In Python 3, or Python 2 with new-style classes, there are ALWAYS diamonds
when you use multiple inheritance.


> there is no need to use super. 

Except then you are precluding others from integrating your classes into
their class hierarchies.


> Explicit inherited method calls, done correctly, will
> work fine.
> 
> The only downside is that if your inheritance hierarchy
> changes, you need to review all your inherited calls
> to make sure they're still correct.
> 
> The use of super to address that issue seems attractive.
> However, super is only applicable if some rather stringent
> requirements are met:
> 
> 1. All the methods must have compatible signatures.
> 
> 2. Except for 3 below, all classes participating in the
> hierarchy must use super for a given method if any of
> them do, including any future subclasses.
> 
> 3. There must be a class at the top of the hierarchy
> that does *not* make super calls, to terminate the chain.

Normally that will be object.

Sometimes you need to prevent messages reaching object. But to my mind,
that's a code-smell, and indicates you're doing something wrong.

"Something wrong" may be multiple inheritance itself. There is a reason why
most languages don't allow MI at all, or only allow a much restricted
subset of it, in the form of mixins or traits.
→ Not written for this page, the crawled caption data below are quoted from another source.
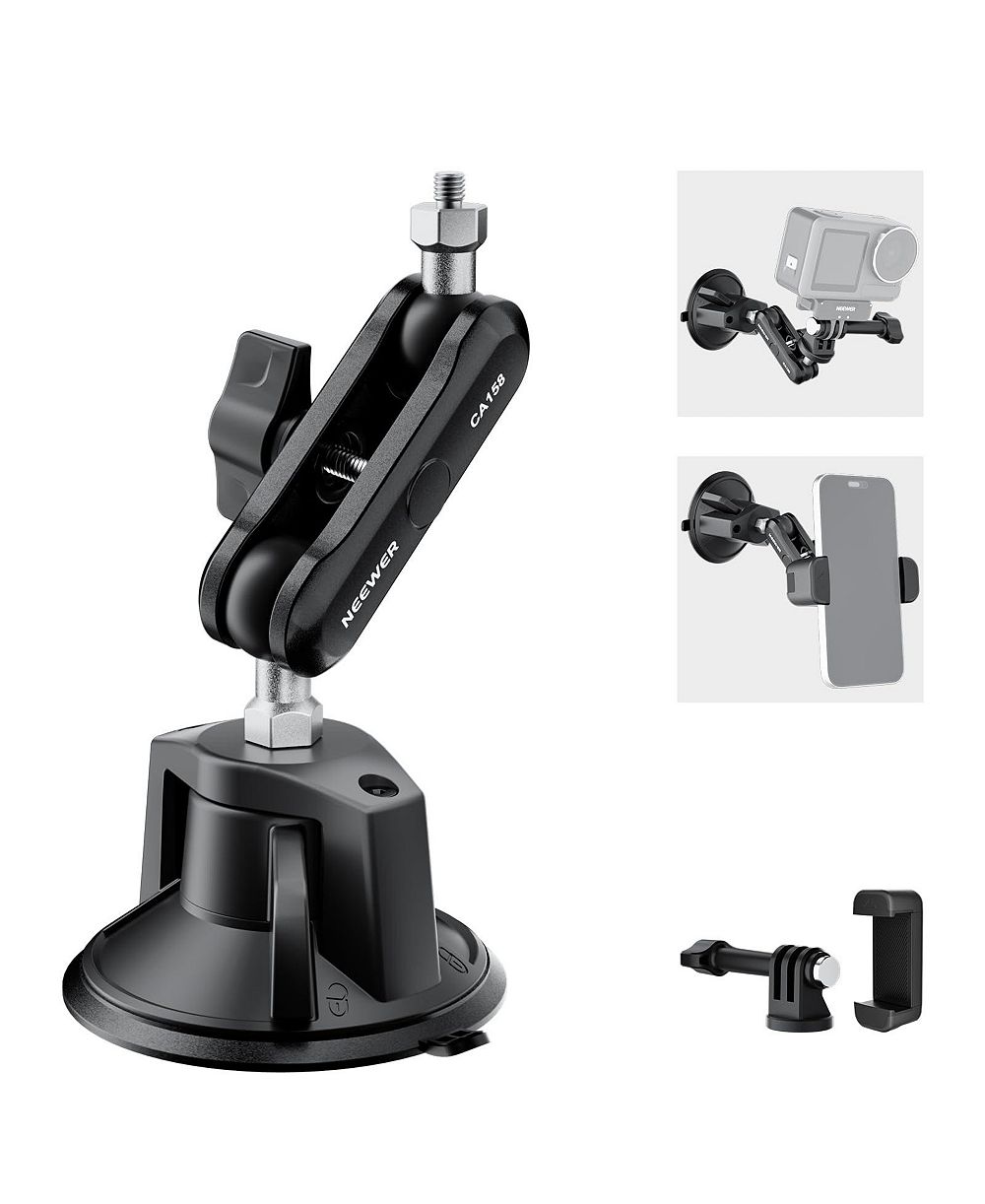 Neewer CA158 Adjustable Suction Cup Mount for GoPro, DJI and Insta360 Action Cameras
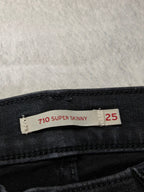 Women Levi's 710 Black Super skinny W25 L30 (EU 34 / XS) Y2K Jeans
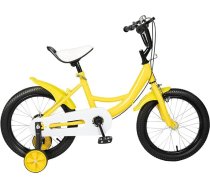 DioPaiB Bērnu velosipēds 16 collu bērnu velosipēds ar stabilizatoriem, velosipēdi meitenēm un zēniem no 5-8 gadiem, bērnu velosipēds ar dubļu aizsargiem, regulējams augstums, celtspēja 60 kg, dzeltens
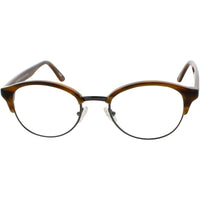 Andy Wolf Unisex Eyeglasses - Brown Metal/Acetate Round Shape Frame Demo Lens | 4543 F ,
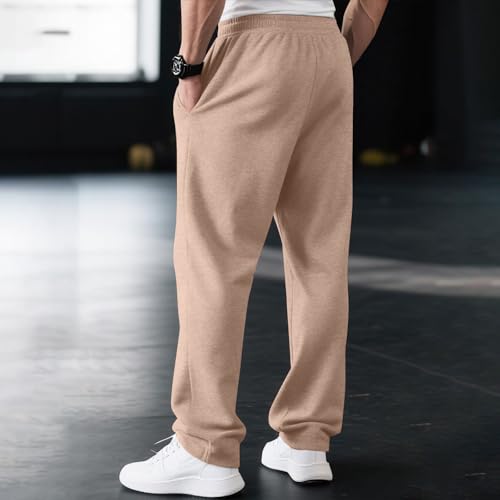 Mens Drawstring Sweatpants Sports Straight Leg Fleece Pants Joggers Open Bottom Gym Sweatpants with Pocket Sweat Pants3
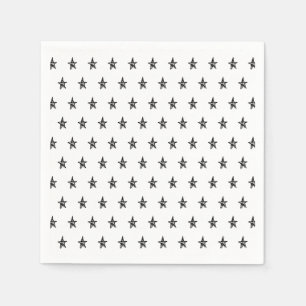 Guardanapo De Papel Padrão de estrela simples desenhado à mão branco f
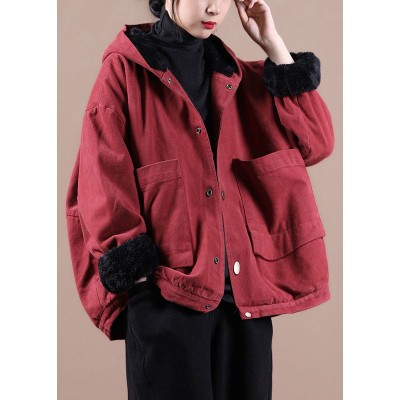 Art Red Hooded Pockets Warm Fleece Coat Winter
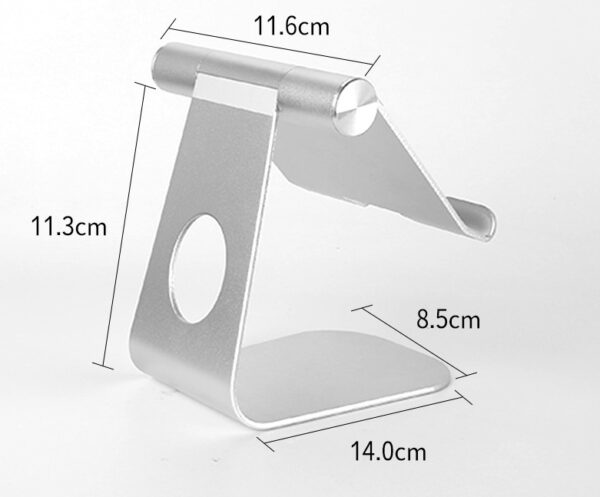 Adjustable tablet and phone stand holder, compatible with Apple devices, for desk use. - Image 3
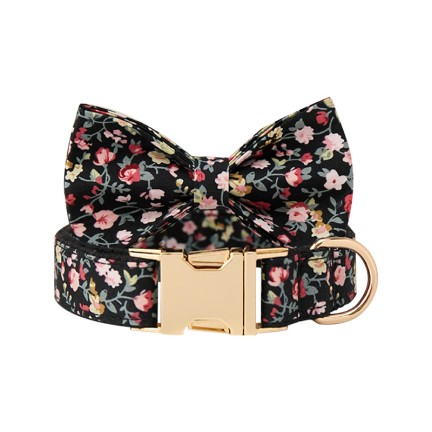 Floral Pattern Adjustable Personalized Pet Collar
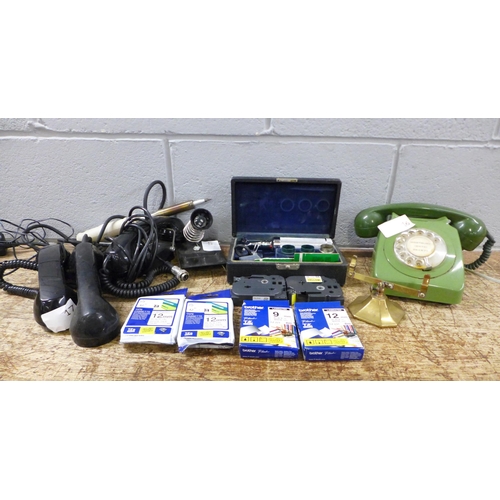 1097 - A green BT telephone, soldering iron and holder, a cased otoscope, a Brother P-Touch 750 label machi... 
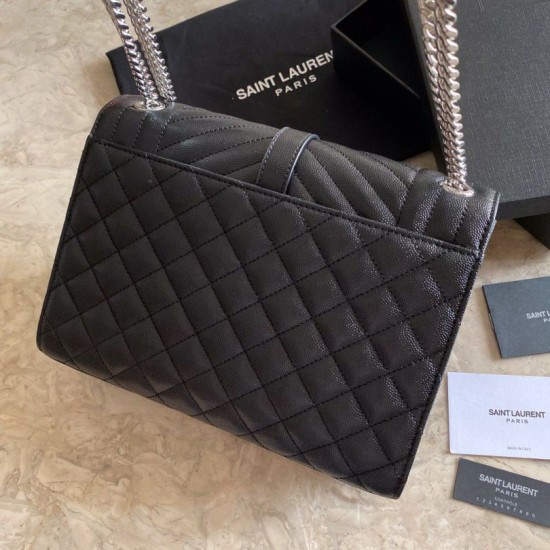 Cloni Firmate Borsa Replica per buste medie YSL Saint Laurent Mix Matelasse nero argento hardware imitazioni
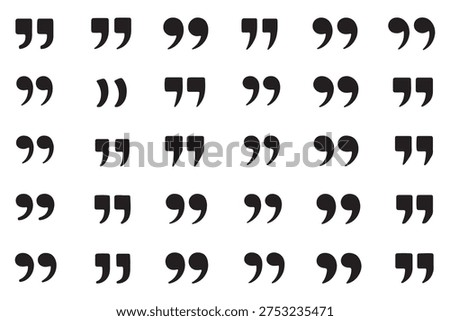 Quote mark. Quotation marks icons. Various punctuation symbols. Minimalist typography quote elements, double commas, text accent signs for citation. Simple quote collection vector set.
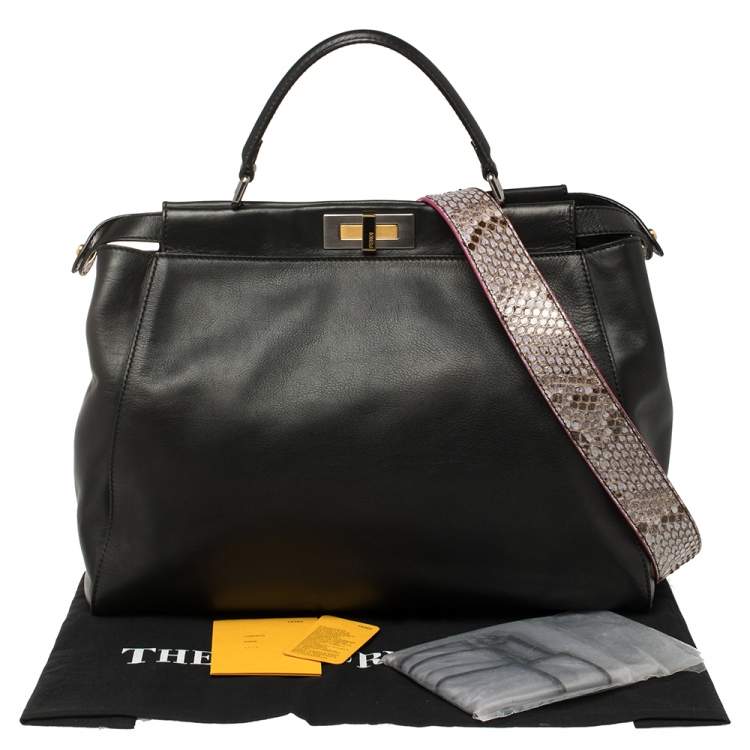 Pre Owned Fendi Black Leather Large Peekaboo Top Handle Bag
And in fact, even using inheritance alone is harder than it seems.
Composition is just as powerful and usually easier to work with.

[...]

> If you can't satisfy *all* of these reqirements, then
> you can't use super. Sorry, but that's just the way
> super is.

If you can't use super, then chances are you can't use *anything*, including
manual calls to superclass methods. There's nothing magical about the use
of super itself. If you have problems with super, then you have two
choices:

(1) Manually walk the MRO making the same calls that super would have made,
in which case you'll have the same problems super did.

(2) DON'T walk the MRO making the same calls that super would have made, in
which case you will have all the problems that super solves. Namely, you
will either miss calling superclass methods, or you will call them two many
times.


In a straight linear single inheritance class hierarchy, walking the MRO is
trivial whether you use super or not, but not using super restricts you to
never using super. But in MI, not using super almost certainly means you're
doing it wrong.

(If you're lucky, you can get away with it if the methods you fail to call
aren't needed, or do nothing, and the methods you call twice are harmless.)